In Damascus werd Suheil vastgezet, de eerste paar jaar in een beruchte gevangenis waar hij ondervraagd en gemarteld werd, daarna in een iets rustiger cel, maar wel helemaal alleen. De maanden werden jaren, de jaren decennia. Uiteindelijk zou Suheil voor 32 jaar celmuren zien. Uiteindelijk zou Suheil voor 32 jaar de zee niet zien.

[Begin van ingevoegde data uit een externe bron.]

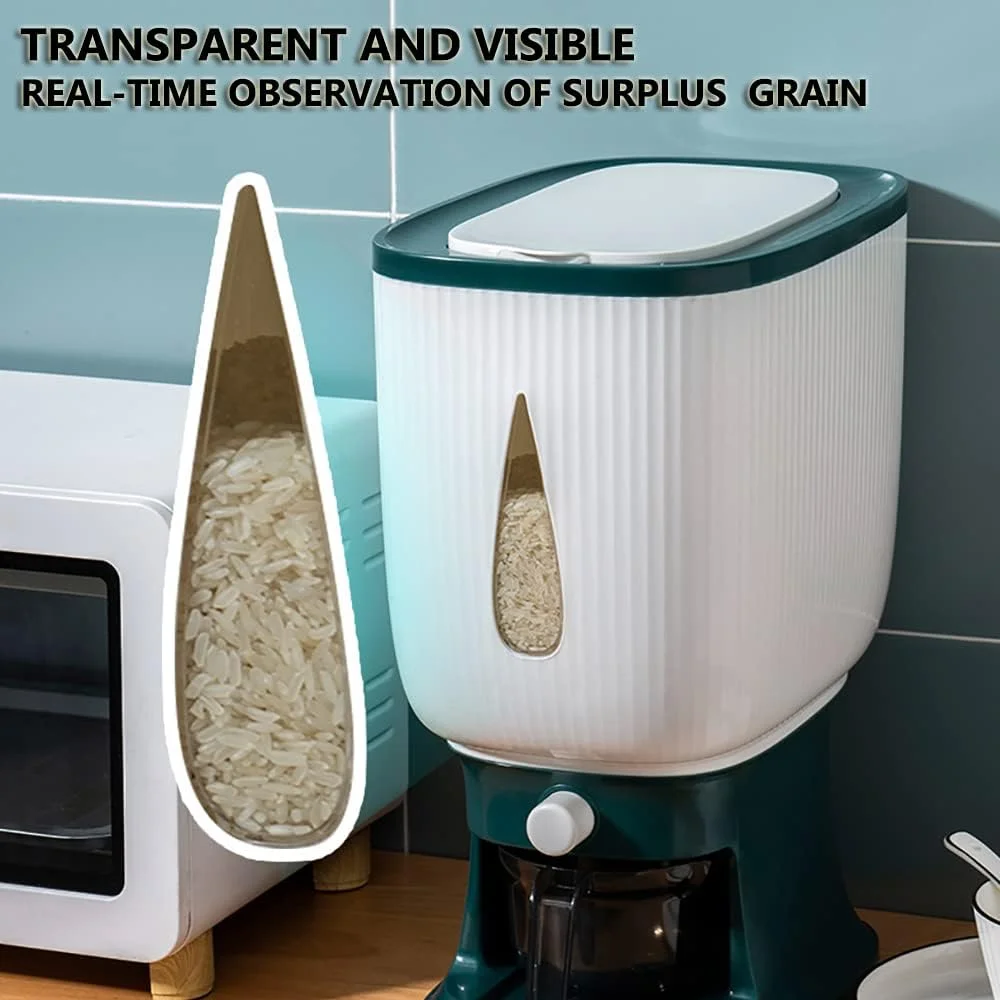 ظرف نگهداری برنج با پیمانه، مخزن نگهداری برنج، جعبه نگهداری برنج، ظرف بزرگ نگهداری مواد غذایی خشک، ظرف غلات، غذای آشپزخانه، ظرف نگهداری غلات، سطل نگهداری اتوماتیک برنج خانگی (سبز-A) ظرف نگهداری برنج با پیمانه، مخزن نگهداری برنج، جعبه نگهداری برنج، ظرف بزرگ نگهداری مواد غذایی خشک، ظرف غلات، غذای آشپزخانه، ظرف نگهداری غلات، سطل نگهداری اتوماتیک برنج خانگی (سبز-A)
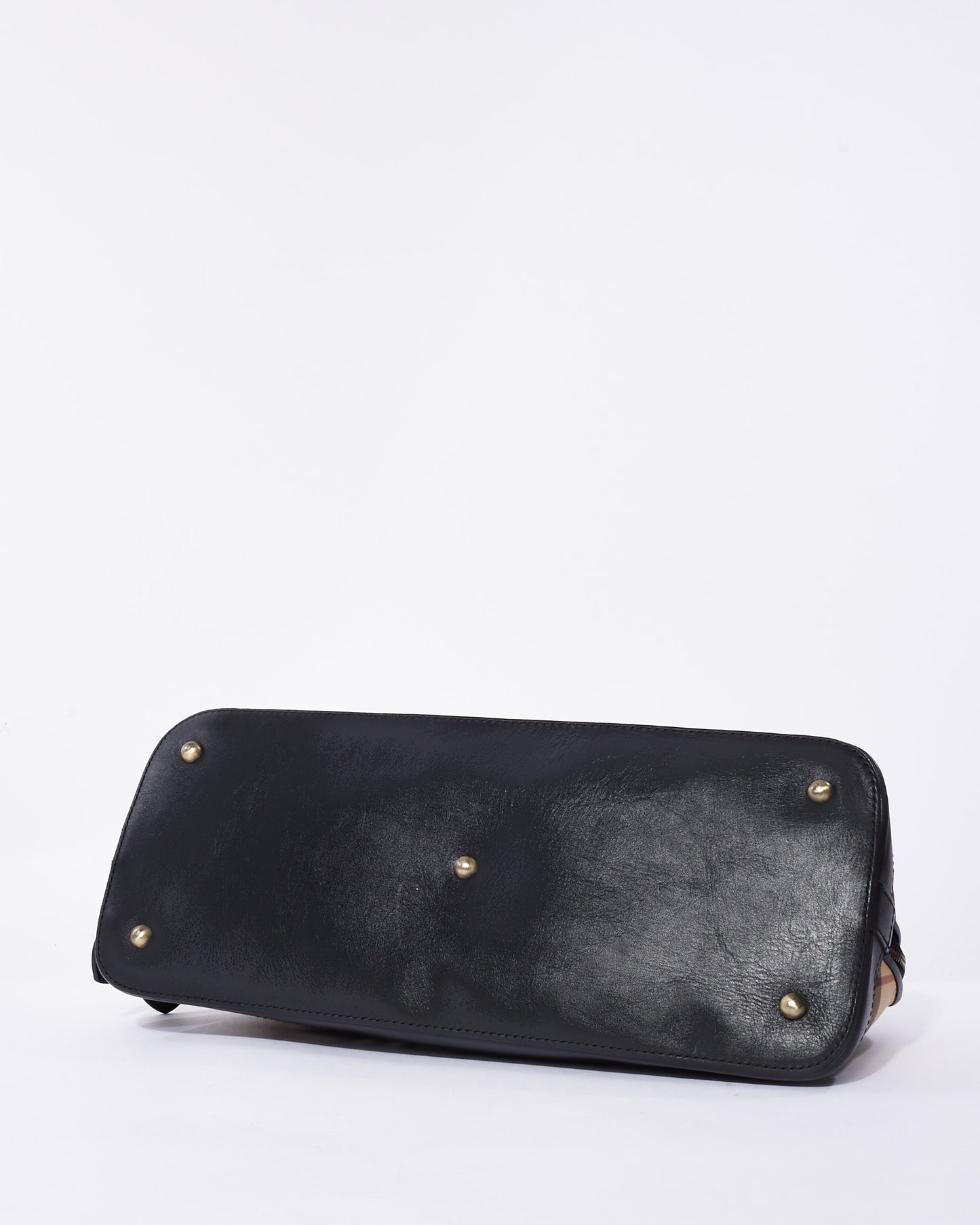 Burberry Vintage Beige Nova Check Canvas Top Handle Bowler Bag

En het grootste gedeelte van al die jaren wist thuis in Chekka niemand waar Suheil gebleven was.
Hij zag zijn kleinkinderen voor de allereerste keer
Tot afgelopen week, toen gingen er geruchten dat het regime gevallen was en even later schoten mannen Suheils celdeur open. Snel maakte hij dat hij wegkwam, zijn ogen bedekkend tegen de felle zon. Met hulp van vreemden bereikte hij de grens, bereikte hij zijn eigen land waar de laatste Syrische militair al in 2005 de deur dicht trok. Hij reisde naar zijn stad, zijn wijk, zijn oude huis. Sloot zijn vrouw in zijn armen, zag zijn kleinkinderen voor de allereerste keer. Herkende met veel moeite een oude vriend, die na 30 jaar net als hij een oude man was. Samen dronken ze een borrel, op een terrasje bij de zee. Geen whisky, absoluut geen whisky.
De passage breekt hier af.